Models and Methods for Omni-channel Fulfillment

Abstract

Omni-channel retailing, the combination of online and traditional store channels, has led to the use of traditional stores as fulfillment centers for online orders. A key aspect of omni-channel fulfillment problems is the tradeoff between cancellations of accepted online orders and profits: a riskier fulfillment policy may result in more online sales but also more cancelled orders. In this dissertation, I will describe two approaches to the fulfillment problem cast generally as a stochastic optimization problem of setting inventory thresholds above which the online channel stays open. In the more traditional approach, we build a stochastic model of the process leading to order cancellations for a single item so that retailers may find inventory and fulfillment policies that effectively use this information along with shipping costs between various locations. We describe iterative algorithms based on Infinitesimal Perturbation Analysis (IPA) that converge to optimal and locally optimal policies within certain flexible policy classes for the multiple-location version of this model, and show their empirical performance on simulated data based on real data from a high-end North American retailer.
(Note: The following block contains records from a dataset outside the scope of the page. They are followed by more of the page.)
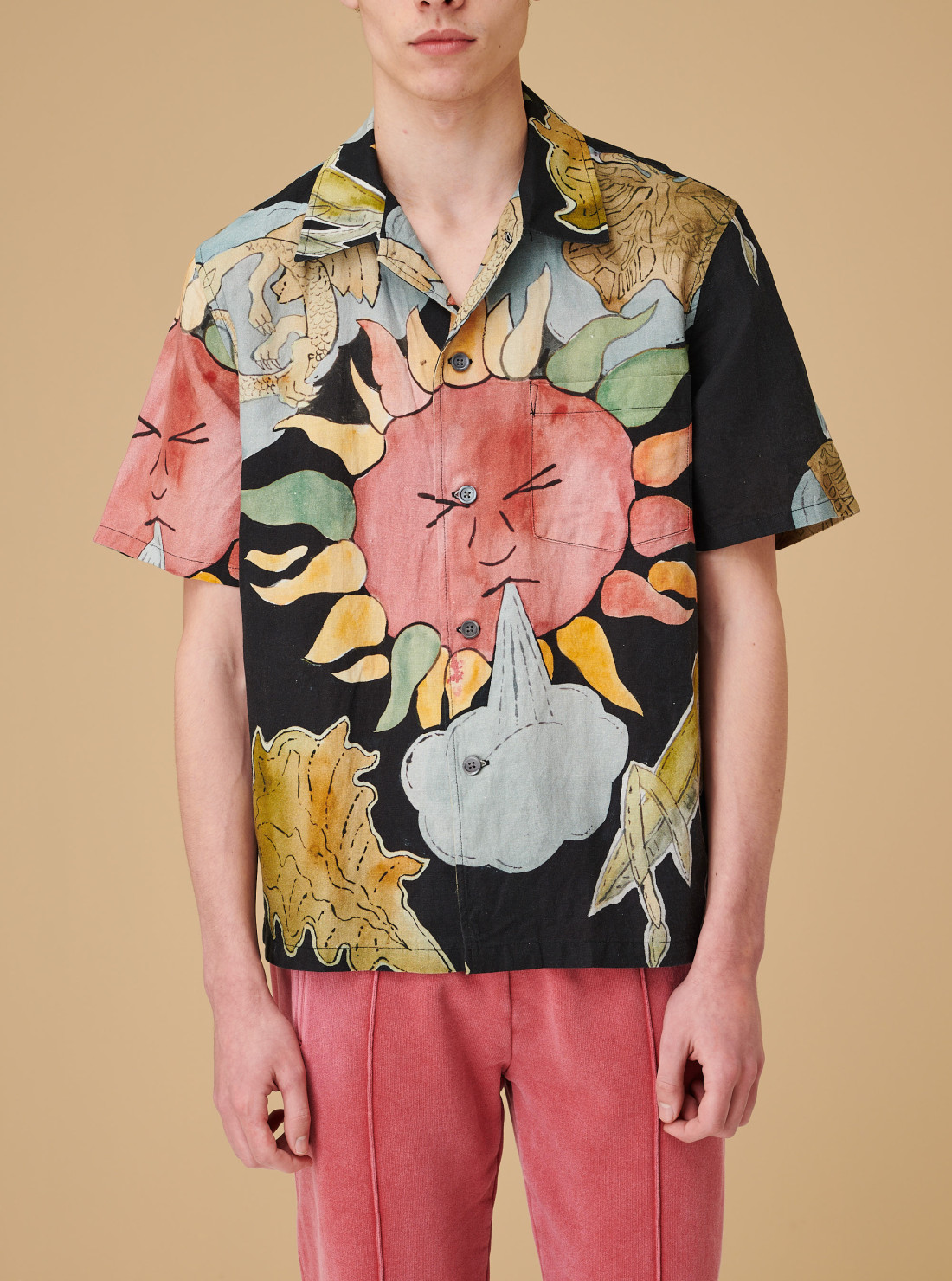 Chemise imprimée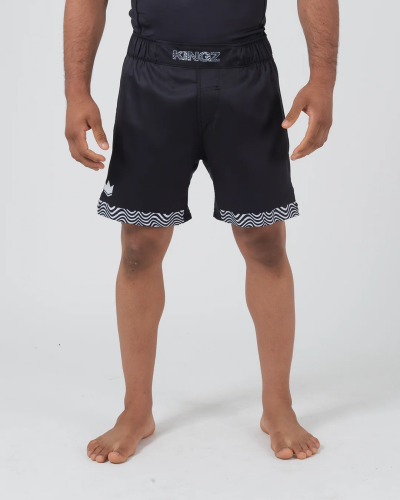 KINGZ: FLOW PERFORMANCE SERIES SHORTS - BLACK
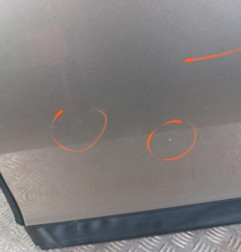 Porte arriere gauche CITROEN C4 1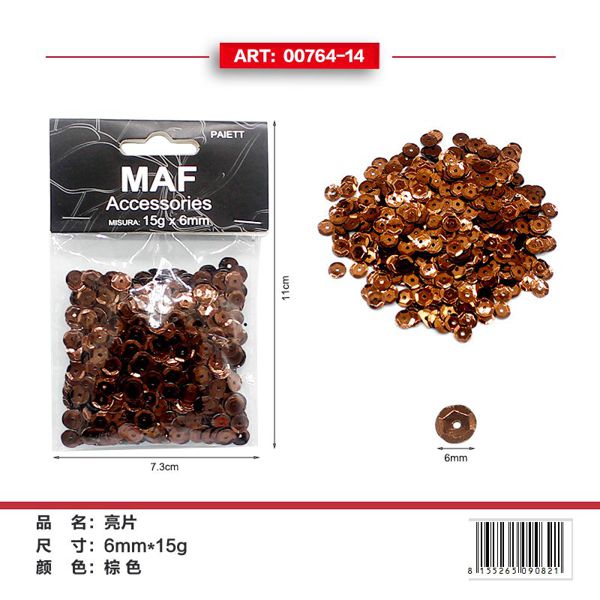 PAILLETTES 6MM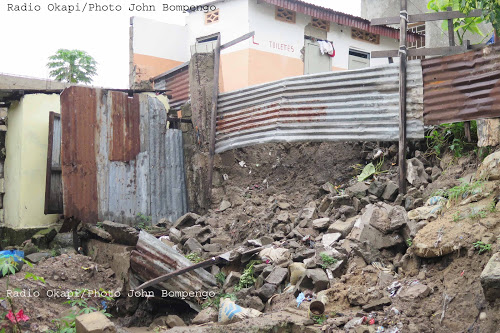 Lubumbashi : une vingtaine de maisons  et 2 écoles privées perdent leurs toits suite à des vents violents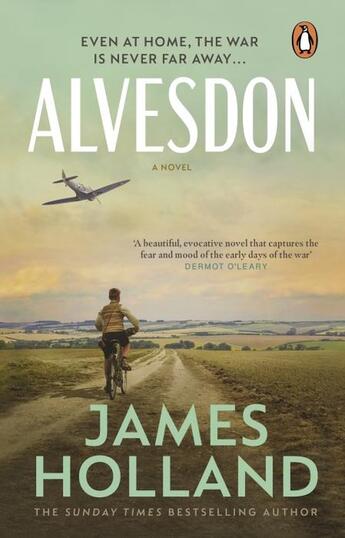 Couverture du livre « ALVESDON » de James Holland aux éditions Random House Uk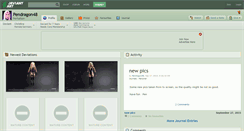 Desktop Screenshot of pendragon48.deviantart.com
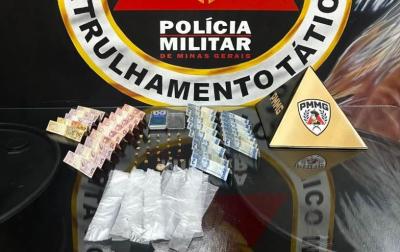 Homem � preso por tr�fico de drogas nas proximidades de escola em Para�so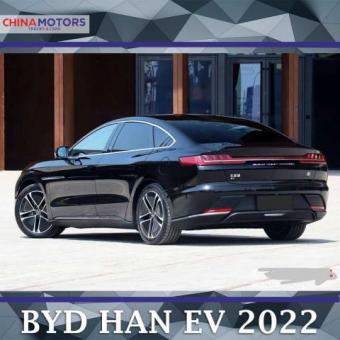 BYD Han 715 km Flagship 2022 yilning eng kop sotilgan moshinasi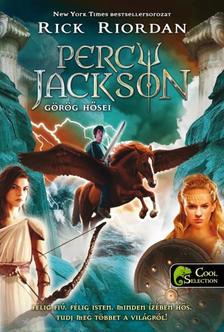 Rick Riordan - Percy Jackson görög hősei - KEMÉNY BORÍTÓS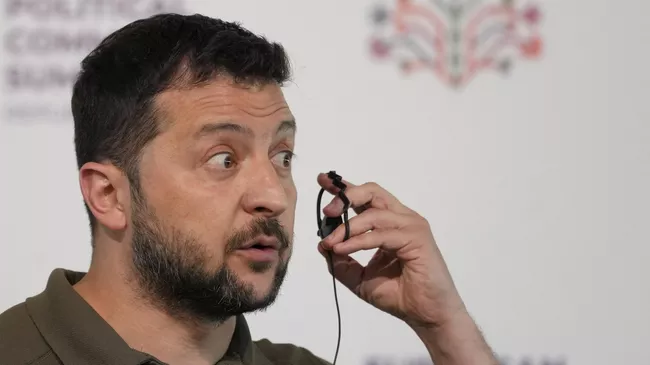 Президент Украины Владимир Зеленский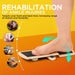 Ankle Balance Board Foot Strengthener Trainer for Pilates Balance Training Sprained Insole Stability Exercises Plantar Fasciitis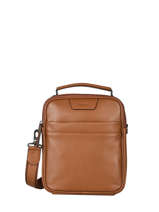 Leather Flandres Crossbody Bag Etrier Brown flandres EFLA732M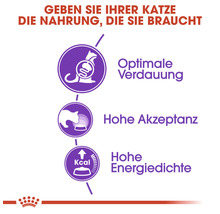 Katzenfutter trocken ROYAL CANIN Sensible 400 g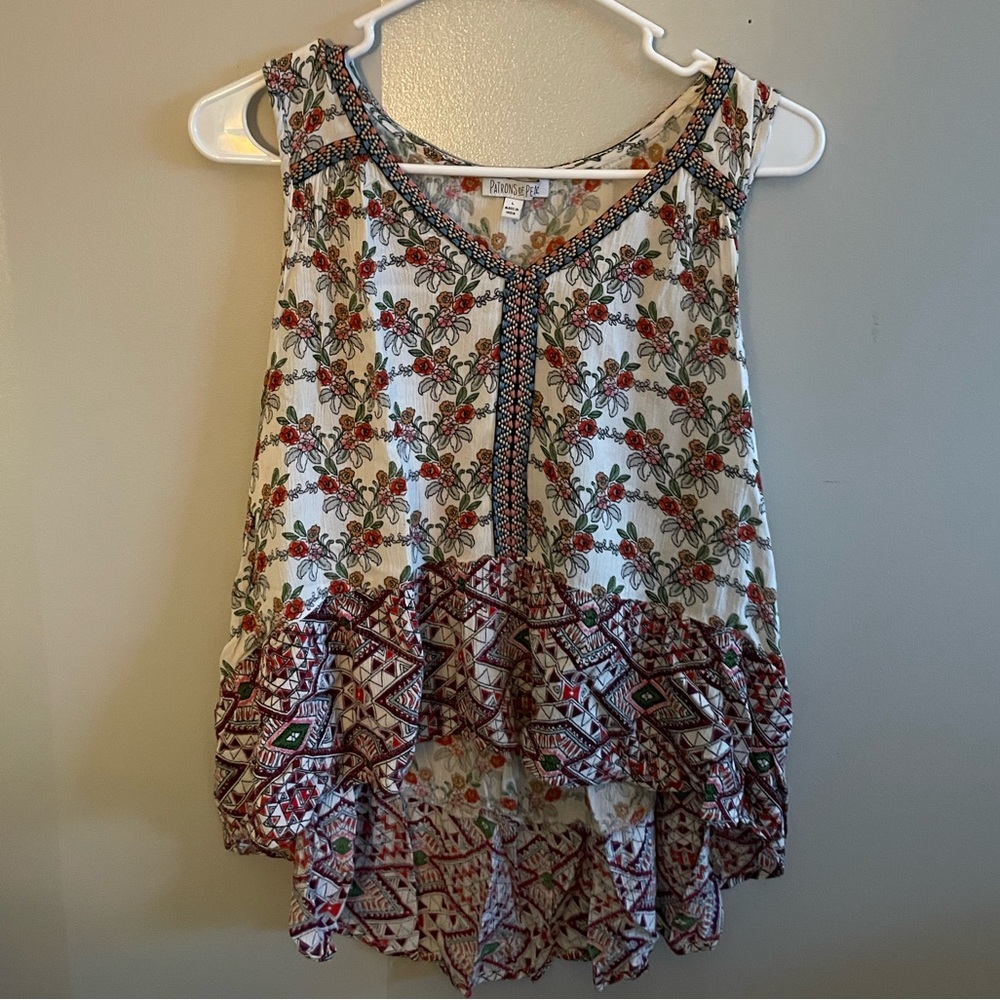 Marshalls flowy tank top.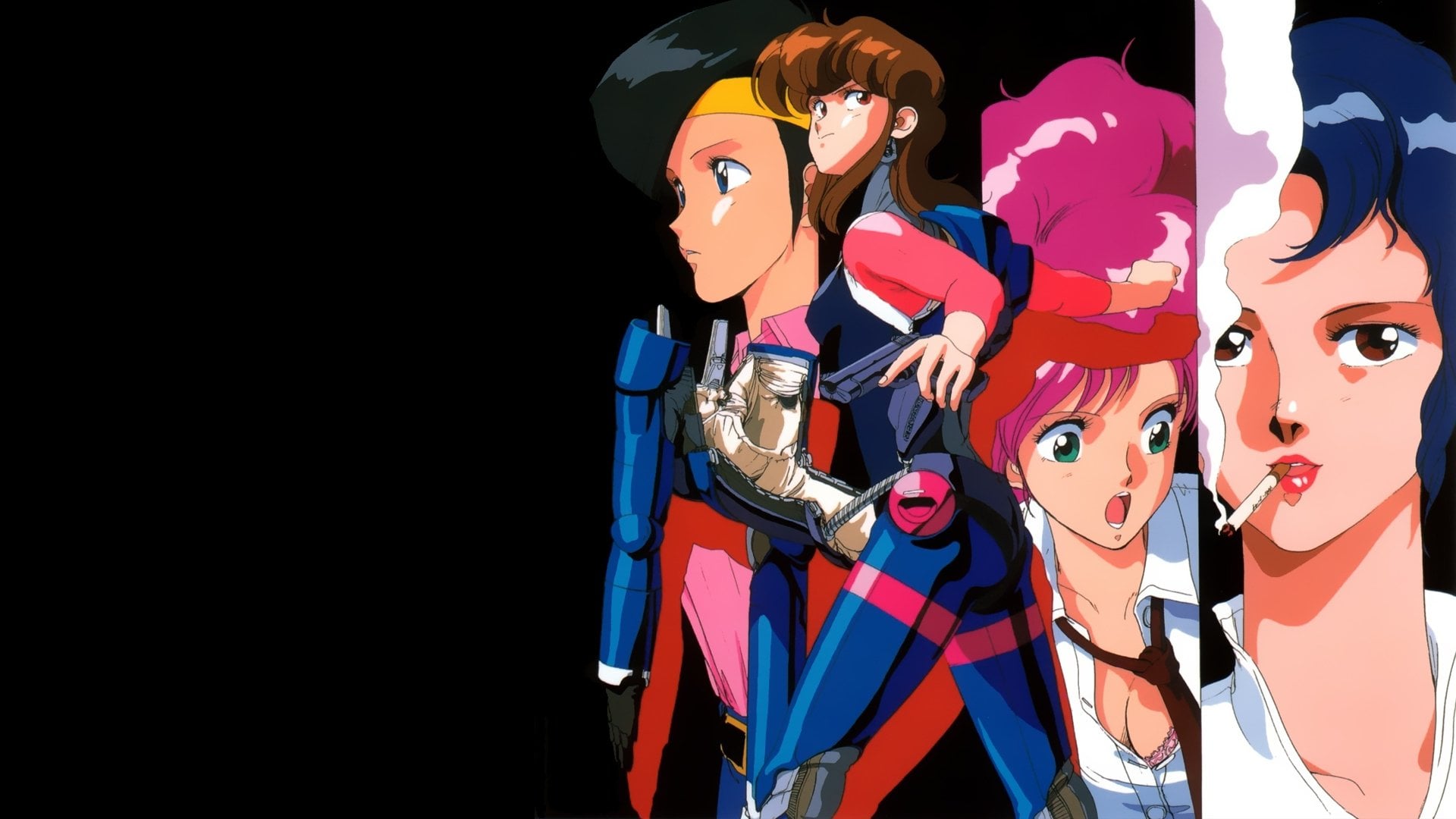 Foto do filme Bubblegum Crisis 2032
In a more modern approach, we apply techniques from machine learning and discrete optimization to find fulfillment policies that perform well empirically at maximizing revenues subject to a constraint on cancellations across a large portfolio of items. Using the real data mentioned earlier, we build estimators that predict the cancellation probability and other features of incoming online orders. We formulate and solve an optimization problem based on these estimates to get a fulfillment policy in a separate second step. Then we investigate a joint estimation and optimization model based on a neural network to find both the generative parameters for our estimates as well as the policy that maximizes revenue while limiting cancellations. We show how both the separate and joint estimation and optimization models can be used to account for data truncation. The joint methods typically identify policies that more closely track target cancel rates than the separate estimation and optimization methods. For the joint method, we also custom built a neural network layer to efficiently solve the knapsack optimization problem central to our model and demonstrate substantial empirical improvement in running time and scalability over existing methods.